I hunt the ground mostly so I use natural or mostly natural blinds and try to disturb the area as little as possible. For example one of my blinds I built this year is back under a canopy of old vines and tree branches. I'm back in the dark and just needed a small piece of camo netting(about 3 ft long) to completely hide me. In most of mine I use no man made materials.
Gary

J-dog

I am exclusively ground pounding this yr - due to having my Lab accompany me on my hunts.

Also though I think back to when I began bowhunting and I was almost exclusively a ground pounder, though it was out of being broke and no other equipment, no idea what I was doing - in my early teens. I saw alot of deer hunting like that. Also I like to move a bit to different locals. spending a couple hours at each.

J
Always be stubborn.

Captain hindsight to the rescue!

HB3

The ground blinds are like a tree stand, some places work great and some don't.

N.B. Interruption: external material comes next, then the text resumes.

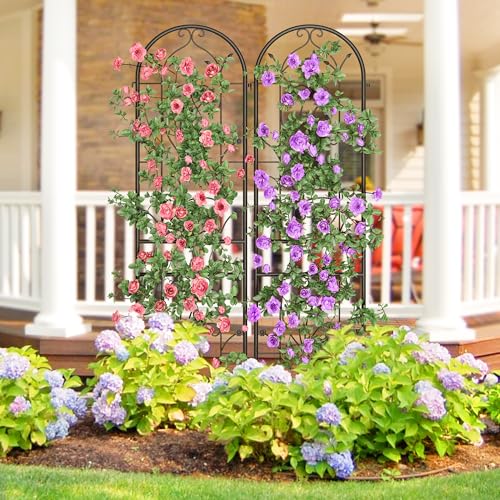 YITAHOME-2-Pack-87x20in-Trellises-for-Cllimbing-Plants-Roses-Vegetables-Vines-Flowers-Black-Metal-Coated-Rustproof-Garden-Trellis-for-Outdoor-Patio YITAHOME 2 Pack 87x20in Trellises for Cllimbing Plants Roses Vegetables Vines Flowers Black Metal Coated Rustproof Garden Trellis for Outdoor Patio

I have some spots I hunt every year where I can put up my ground blind and hunt it that day. My favorite has 2 large oaks in front I slide it up against and it is thick brush behind me. I can hunt this spot first day and let the deer get used to the other blinds that are not so well hidden. I just open 1 window and have found they really help with scent. I have had deer cross at 5 yards down wind and not smell me  numerous times. I think you several methods to be effective.

Bowwild

In the early 80's I hunted near Lysite, Wyoming. I built ground blinds out of sagebrush along the edge of irrigated alfalfa fields. Killed lots of mulies and one antelope doing this. It worked great. Of course there weren't any pop-up blinds then.

I use pop-ups for turkey for convenience and because they work extremely well for these birds. It blows me away that such a wary bird completely ignores (most of the time) ground blinds that brushed in at all. I have only hunted in a pop-up for white-tails once and that was a long-established rig in Texas.

My buddy brushed in a blind for his granddaughter.  When no one was in that blind I watched deer walk by it and look very warily at it even though it had been there for weeks.

I'm planning to try to take a white-tail from a pop-up this year although I'll be in the trees most of the time. I'll use the pop-up instead of natural cover because 1) I have them. 2)I have fall turkeys in mind more than deer when I'm doing this.

Cyclic-Rivers

Ground is more fun plain and simple,. It requires more thought and is more rewarding when game is spotted. Plus its hard to fall far when you fall asleep.
Relax,

You'll live longer!

Charlie Janssen

PBS Associate Member
Wisconsin Traditional Archers


>~TGMM~> <~Family~Of~The~Bow~<

jacobsladder

Just another thought.....someone mentioned about not disturbing too much of the area around you... i hunted a ridge full of scrub oaks one fall in  michigan......I moved along the ridge to find a nice ambush site to sit... i stopped and looked back behind me and noticed some smaller brushy oaks i could sit in and have good back cover...About an hour later a nice buck ambled down the ridge directly towards me...i was expecting a 10 yd broadside shot... Unfortunately, he picked up my scent from where i originally stopped to pick out a spot to sit.....long story short.....Do not leave any scent outside of your comfortable shooting range....this buck hung up at about 25yds...sniffed the bushes where i stood ...looked right thru me , turned and walked the opposite way.
TGMM Family of the Bow

"There's a race of men that dont fit in, A race that can't stay still; So they break the hearts of kith and kin, And they roam the world at will"  Robert Service

LongStick64

I get ASAT camo material and make myself a poncho. I try and find a big tree to sit against. One year I had an eight point whitetail bed down 10 feet from me. What a treat that was. Couldn't pull off the shot but it was still hunting and it proved to me that I can get as close as I need to on the ground.